Nous avons réalisé trois enquêtes, entre 2012 et 2015, auxquelles 2500 personnes ont répondu. Parmi elles, 70% de celles qui ont terminé le traitement indiquent avoir atteint l’indifférence à l'alcool, à une dose moyenne de baclofène de 182 mg par jour. Nous ne prétendons pas que ce pourcentage est complètement fiable, puisque n’ont répondu que ceux qui le souhaitaient. Malgré tout, nous constatons que nos chiffres rejoignent ceux que le Dr Renaud de Beaurepaire et le Pr Bernard Granger ont obtenus à travers leurs cohortes de patients. Avec un taux de guérison, a minima de 50%, le baclofène est aujourd'hui de très loin le traitement le plus efficace dans l’alcoolodépendance.
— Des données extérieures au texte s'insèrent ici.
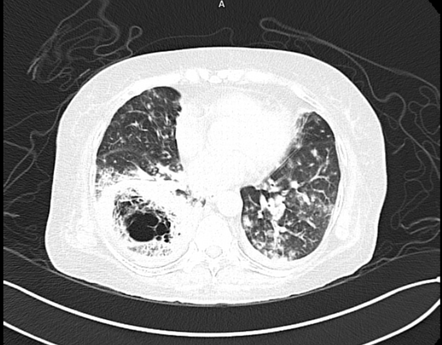 Invasive pulmonary aspergillosis | Radiology Case | Radiopaedia.org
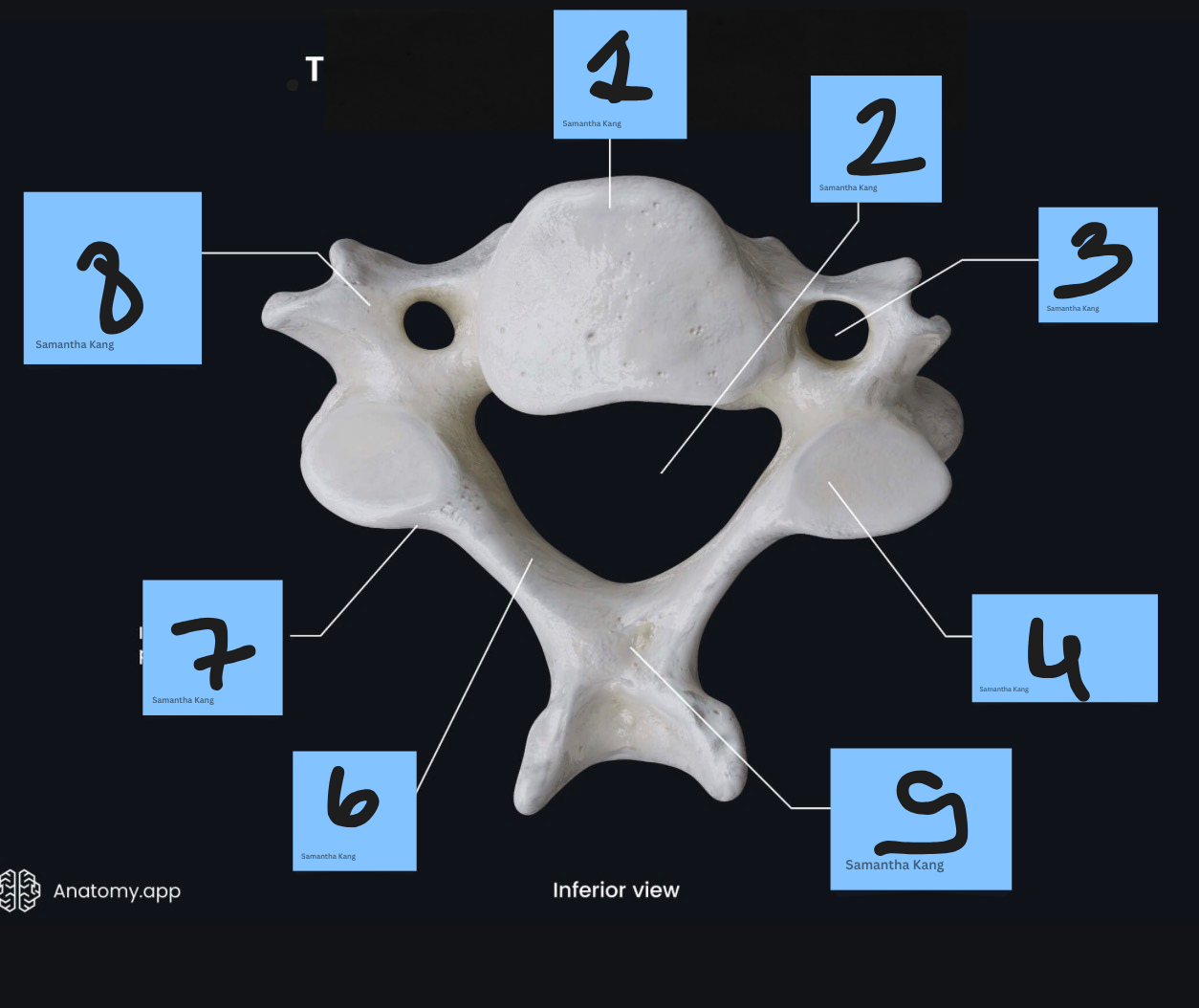 <p>What’s #8</p>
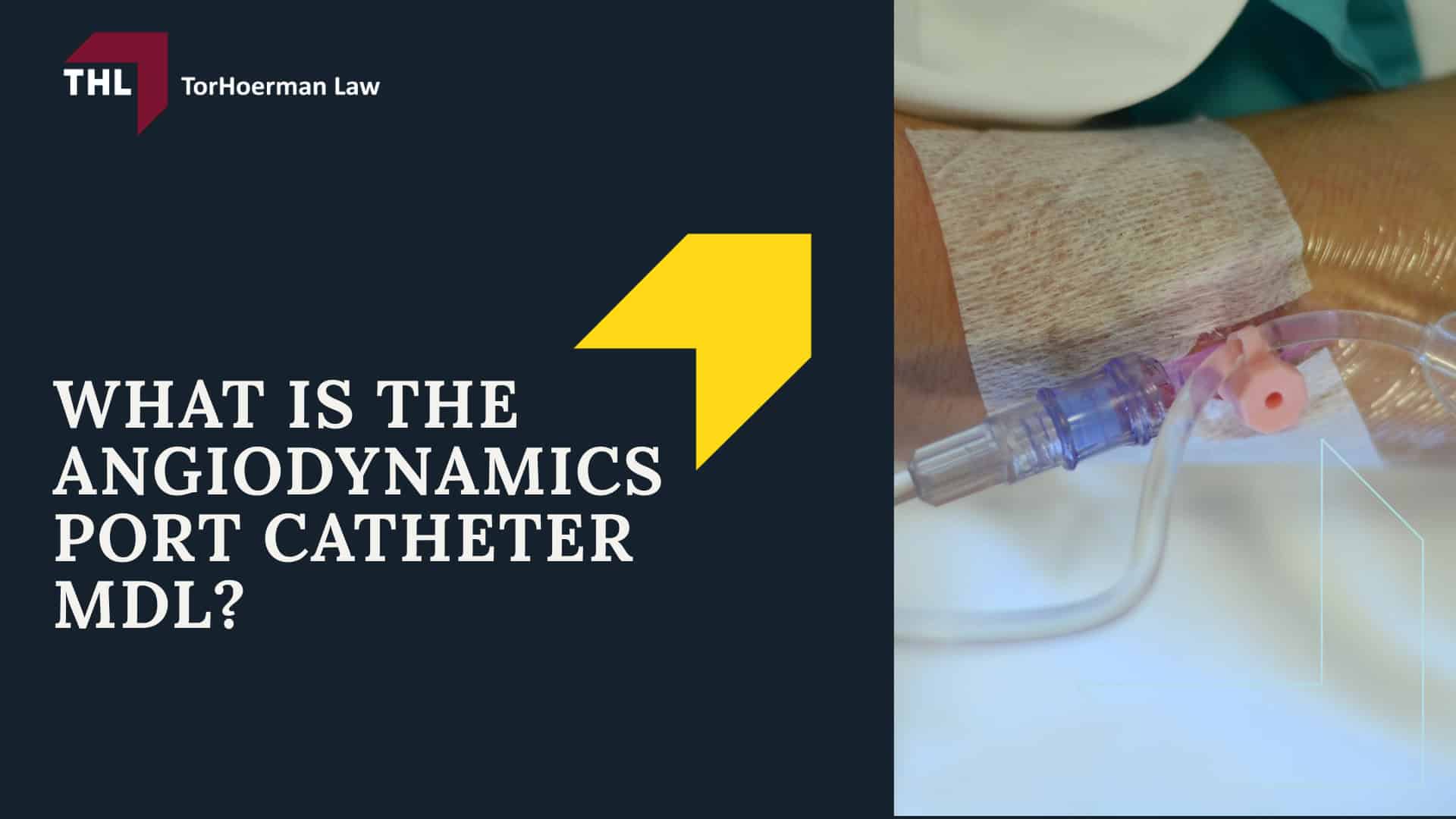 AngioDynamics Port Catheter Lawsuit - An Overview of the AngioDynamics Port Catheter Lawsuit - torhoerman law; AngioDynamics Port Catheter Lawsuit - What is the AngioDynamics Port Catheter MDL - torhoerman law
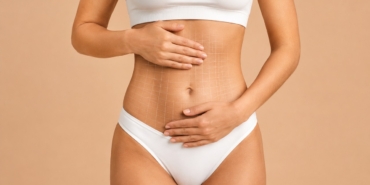 liposuction-1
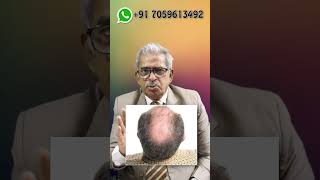 Best homeopathy medicine for Baldness  Dr P S Tiwari [upl. by Nibor]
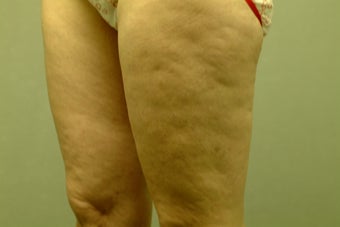 Smart Lipo-Liposuction 410719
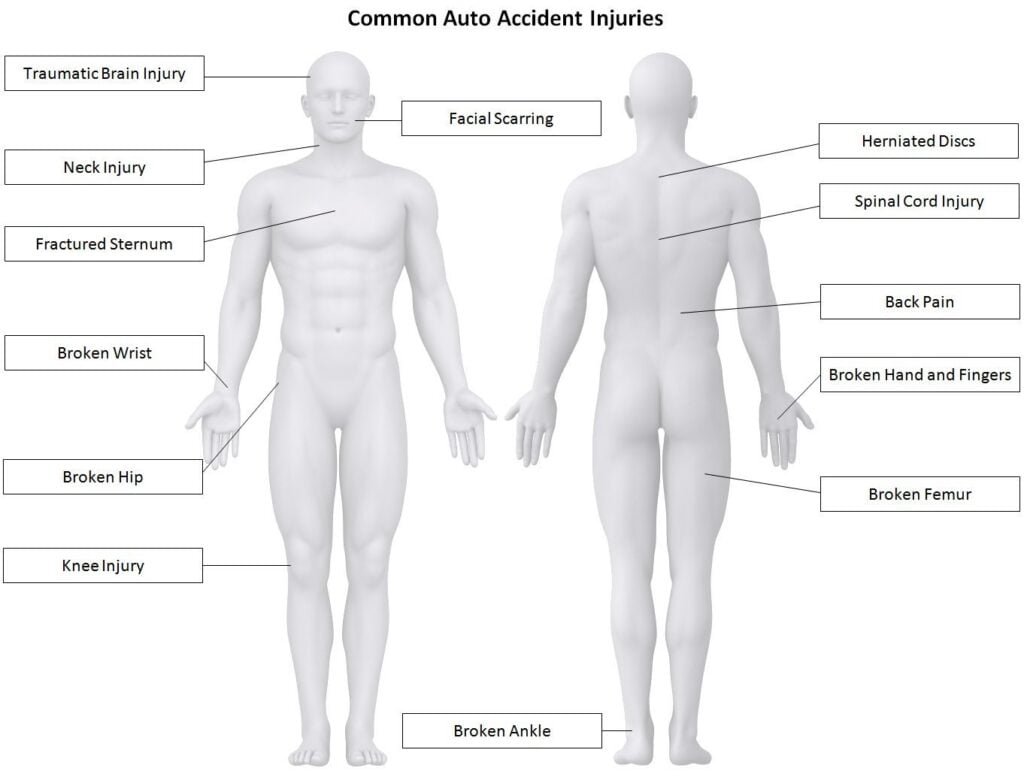 personal injury data leads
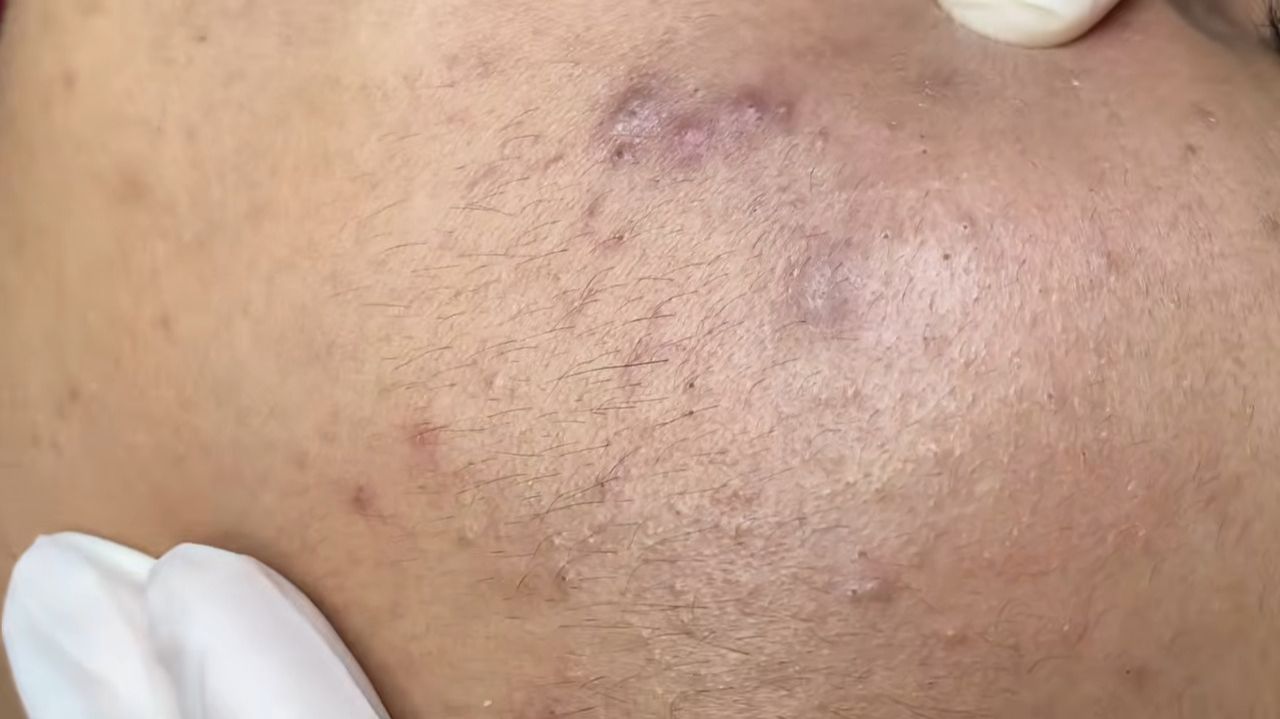 245 • Acne collection • АСМР • Relax Spa смотреть онлайн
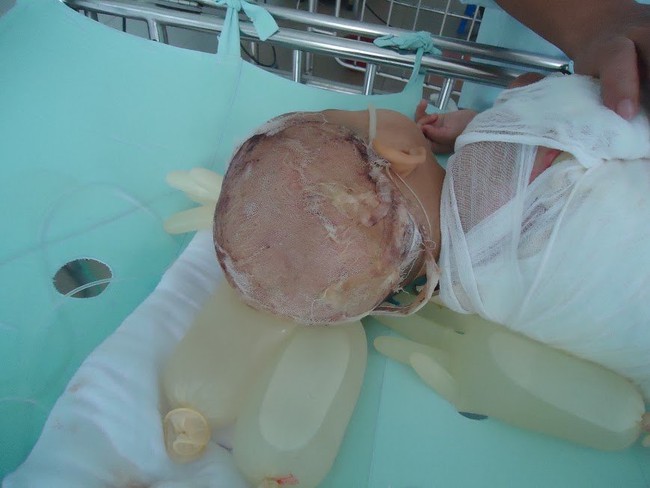 Ng&atilde; v&agrave;o nồi canh n&oacute;ng, b&eacute; g&aacute;i 17 th&aacute;ng tuổi nguy kịch - Ảnh 2.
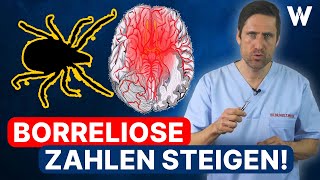 Zeckenalarm BorrelioseSymptome erkennen Die Gefahr der Neuroborreliose  BorrelioseBehandlung [upl. by Malanie]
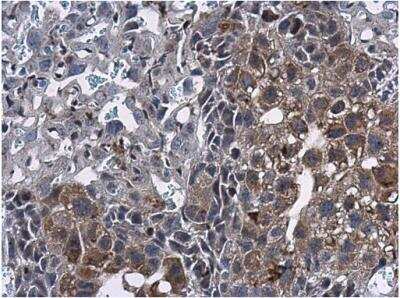 Immunohistochemistry-Paraffin: ERRFI1 Antibody [NBP2-16372]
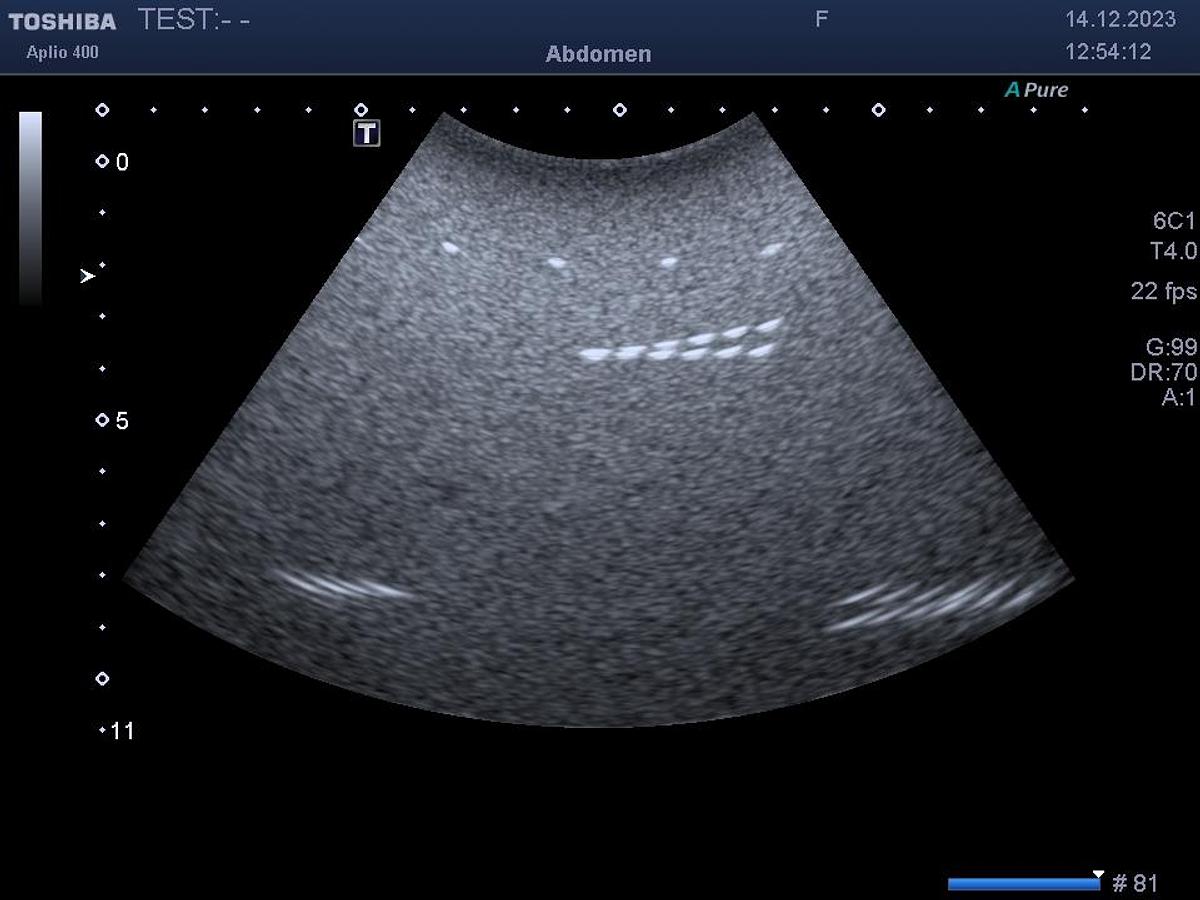 D'occasion Toshiba / Canon PVT375BT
Votre livre est aussi un immense hommage à Olivier Ameisen, le médecin qui a découvert l'action révolutionnaire du baclofène sur l'alcoolisme en 2004, disparu brutalement en 2013… Qu’auriez-vous envie de lui dire aujourd’hui, au nom de tous ceux qui arrivent sur le forum de votre association?
Olivier Ameisen a été le déclencheur de toute cette histoire. Sans lui, sans sa guérison, sans son livre**, sans son obstination à réitérer ses propos malgré les obstacles, rien n’aurait été possible. Je l’ai connu personnellement, nous nous téléphonions souvent, et son décès m’a profondément attristée. J’ai perdu un ami à qui je dois la liberté. Chaque fois que je viens à Paris, je vais me recueillir sur sa tombe. Je lui raconte les histoires du forum, la vie et la joie retrouvées des uns, les déboires ou tracas des autres, le combat qui continue… J’espère simplement qu’il entend mes paroles et que cela le conforte dans l’utilité extrême du combat qui fut le sien et qui est désormais le nôtre…
* Sylvie Imbert, présidente de l'association Baclofène , Yves Brasey, vice-président, et Claude Goffart, secrétaire, sont les auteurs de "Baclofène: la fin de notre addiction".
** «Le dernier verre», d'Olivier Ameisen, éd. Denoël.